Alternating success with unsuccessful defeats, Marion Jones stops in 2003 for pregnancy and childbirth, and she does not win any medals at the 2004 Athens Games. In 2006, he seems to be getting better, winning 6 races in 100 meters. Her season is abruptly interrupted by a doping charge: it’s August 17, 2006. In Zurich, on the eve of the most important meeting of the Golden League, she receives a phone call and is informed that she has tested positive for a doping to which she was subjected. June during the US Championship in Indianapolis.
Counter-analyzes sensationally justify it; an emerging motivation indicates an error in the analysis of the first test tube with organic liquid. “I have always said that I have never taken doping substances,” he says. “I am happy that the scientific process has proven this. I’m in seventh heaven and can’t wait to get back to racing. ” But false laboratory mistakes – and the good fortune of certain events – can do nothing against remorse.
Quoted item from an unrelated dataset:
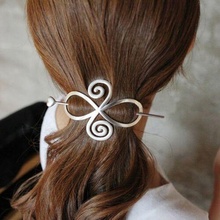 infinity spiral hair clip pin jewelry symbol 3d print model - Mito3D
In May 2006, at 31, the black panther reappeared on the track and won 100 at the meeting in Xalapa. But after the third marriage with Obadel Thompson and the second motherhood, recognition comes unexpectedly. The athletics champion admits in a New York court that she is guilty of two different offenses involving taking steroids to improve her performance: she explains that she uses doping (including insulin mixed with GH). and anabolic steroids) since 2000. He also announces his retirement from athletics and thus ruins an extraordinary career too often burdened with suspicion and accusations. Jones has been officially suspended for two years and the International Athletics Federation has canceled all results from September 1, 2000, including the relay.
On January 11, 2008, after a sports verdict, the court came: six months in prison for deceiving federal agents about the Balko case, as well as a bank fraud related to Montgomery’s ex-husband. It is the ultimate career epilogue that could go down in athletics history, and that, instead, athletics history will remember in a completely different light. Sentenced to trial in White Plains Court, she was sentenced to 6 months in prison for false testimony made in 2003 in the context of the Balco investigation, which also involved her husband Montgomery.